Meet me, myself and I, a foreign entrepreneur in Columbia striving to change the media industry worldwide
In September 2015, I attended a networking session that brought together students from the University of Missouri’s School of Journalism, College of Engineering and other departments.
I was too shy to talk to anyone, so I took advantage of constant phone calls from people who wanted various things from me to step out of the room from time to time. But, at one point, my mother gave me the “You’re doing nothing with your life” chorus and remix at once, so I got mad and went back in to give it my best and act all awkward.
My roommate, a designer with similar social skills, was talking to another girl who studied communication. Another colleague introduced us to a young software engineer in his sophomore year. We all got together in one corner and pretty much boasted about what everyone was good at in life, while I kept thinking, “Man, I’m so, so bad at this.”
Oh, yes. I suppose I should introduce myself. I’m Sintia. I come from Romania and study journalism at MU. I left my country because I believed I could do a better job in the media in the United States, since the media here has more resources and a longer tradition. Heck, in Romania we delved into this free press thing in the early ’90s. Before that, it was communism and propaganda.
This networking event was the beginning of a student competition that I wasn’t even sure I wanted to do. The competition focused on developing a media-related product for the Apple Watch and iPhone, and the idea of engaging in both product development and the media business sounded interesting. But I didn’t have much time, and I didn’t have a schedule that would allow me to plan much around it.
The four of us definitely didn’t have instant chemistry. Yet we decided to meet again and see if we had what it took to enter this competition. Winning was not something we were thinking about.
It took us around four weeks to come up with an idea that could improve a process we identified as problematic in the journalism world and that made us all go, “Dudes, good stuff.” It took us way longer to learn how to work with everyone on our team and find a place for our skills and passions in our little project that changed our lives slowly, but surely, every step of the way.
Before leaving Romania and coming to the United States, I worked in the media for almost a decade. I was no stranger to tight schedules, marathon newsroom shifts, never-ending meetings, and this constant, annoying feeling that there’s truly no time for anything in my life. I slept little, ate at my desk while working on assignments, and did whatever possible to meet impossible deadlines that only seemed to pile up.
It will come as no surprise, then, that the thing I dreaded the most was wasting my time. That’s why I’ve always looked for ways to make stuff more efficient in my life. Like delegating and trusting others more (I gave up the control freak thing a while ago), outsourcing work (I used to send my story drafts to India for proofreading) and using any tool, software or gadget to help me survive a busy schedule. No, I wasn’t lazy. I just truly believed people can focus on one thing at a time and that everything that gets in the way of their focus is completely counterproductive in the long run.

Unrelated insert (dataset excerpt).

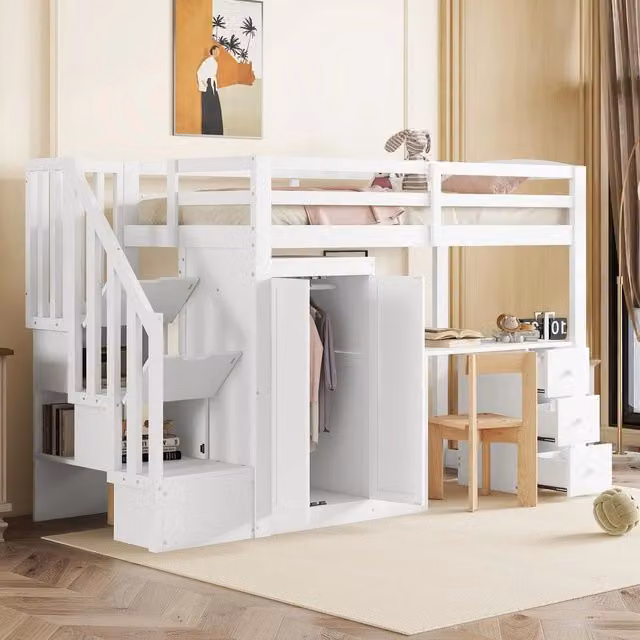Letto a soppalco con rete a doghe ¨C Minimal ¨C Bianco 90x200cm con cassetti, armadio, scrivania e scala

Transcribing was the No. 1 enemy in the media. Listening to and typing transcripts for hour-long recordings severely curbed my creativity and desire to work on my stories. I hated it so much that a colleague once paid me around 30 bucks just to sit at my chair and do it, without complaining. I lasted for 15 minutes and gave his money back.
So, when I started school at MU and heard about the technology competition, the first thing that came to mind was making some sort of magical tool that would show me instant transcripts of my interviews and leave the robots to take care of my pain.
Recordly was born out of this pain, and it has caused more pain for its founders — and lots of growth and joy in the process.
This new series, Startup Diary, is my personal story of struggling to build a company from scratch, and it’s dedicated to anyone who has ever dealt with the same difficulties. Throughout this series, I will share our experience and challenges with Recordly, and I’ll interview people who can provide advice on how to nurture entrepreneurial ideas. You’ll meet my team, as well as my mentors, and you’ll hopefully gain a bit more knowledge on how to make it all happen for yourself.
Sintia Radu is a multimedia journalist and graduate student at the Missouri School of Journalism. She wrote for the St. Louis Post-Dispatch, Esquire and various other media outlets in her home country of Romania. When she’s not covering business for news outlets, she reminds herself that she’ll one day write a book. And it will be sweet, and short, and funny.